Rappelez-vous, en décembre dernier j’écrivais sur ce site un article intitulé : « la Promotion de l’archipel, cause de trop nombreux conflits ! », dans lequel je dénonçais les manoeuvres douteuses de l’ex-vice-Président du SLA - le Sénateur Denis Detcheverry – qui avait fait procéder en toute opacité, au versement de 46 000 euros (32 800 + 13 200) à la société B&T Marketing en début d’année 2004 (
lire l’article).
Ce jeudi 2 février 2006, lors du débat en direct sur les ondes de RFO radio, sur le thème du Tourisme, Denis Detcheverry avoue publiquement avoir versé - de son propre chef - la somme de 32 800 euros à la société B&T Marketing, sans l’accord du Conseil d’Administration et sans en informer quiconque. Pire, il confirme l’illégalité de son acte, en précisant avoir versé cette somme en complément du contrat que celle-ci avait passé avec la SODEPAR en 2003 !!!
Quel était donc le devoir du SLA de régler en 2004, un quelconque complément pour un contrat que B&T Marketing avait passé avec une société tierce (la SODEPAR), de surcroît en 2003 ?!!
C’est un abus de confiance envers les membres du SLA, c'est un manquement grave au code des marchés publics et une utilisation abusive de fonds publics. La méfiance et la colère des professionnels siégeant au SLA étaient alors plus que justifiées.
Inconscience, incompétence ou roublardise, je ne saurais le dire… mais ces manigances sont dans tous les cas inacceptables, a fortiori pour un Sénateur !
Le 7 novembre 2005, Monsieur François Zimermann - administrateur provisoire - annonce aux membres du SLA présents, que dans l’état actuel de ses finances, l’association terminera l’année 2005 avec un déficit de 20 000 euros. A ce même moment, Paul Jaccachury, vice-Président du Conseil Général, annonce que la Collectivité n’ajoutera pas un euro de plus pour combler le trou, obligeant ainsi les professionnels et Monsieur Zimmermann à déposer le bilan. Pourtant le geste de soutien était minime et justifié. Sauver le SLA aurait dû être une priorité pour le Conseil Général. C’était en tout cas la mienne.

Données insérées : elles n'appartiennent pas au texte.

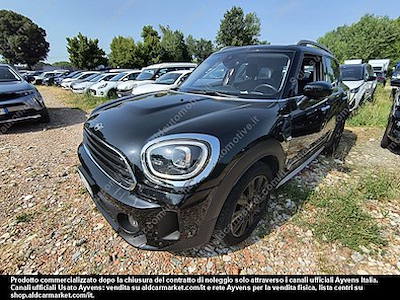 MINI countryman cooper D classic hatchback -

Pourtant, si Monsieur Denis Detcheverry n’avait pas illégalement versé 46 000 euros en début 2004 à B&T Marketing, le SLA n’était plus en état de déficit et la donne était alors changée. Le Conseil Général, n’aurait pas eu à se poser la question d’une subvention supplémentaire pour 2005 et les professionnels pouvaient commencer à réfléchir à un plan d’action pour 2006.
Et même si c’était « reculer pour mieux sauter », les salariées du SLA, victimes aujourd’hui de cette grosse arnaque et d’un conflit étouffant, auraient conservé leur salaire un ou deux mois de plus, donnant le temps au CRT - puisqu’il en a été décidé ainsi - de se mettre en place et de les réembaucher sans rupture de revenu.
Je ne déresponsabilise pas le Conseil Général sur l’échec de ses actions en matière de tourisme, mais il faut reconnaître que Denis Detcheverry a largement contribué à la regrettable disparition du SLA.
Je suis toujours la première à dire : « sachons tourner le page et mettons nous au travail », mais il est certain que c’est plus facile de le faire maintenant que la vérité est enfin clairement établie sur cette affaire.
Le tourisme est l’une des pistes de diversification économique, donnons lui véritablement les moyens de le devenir.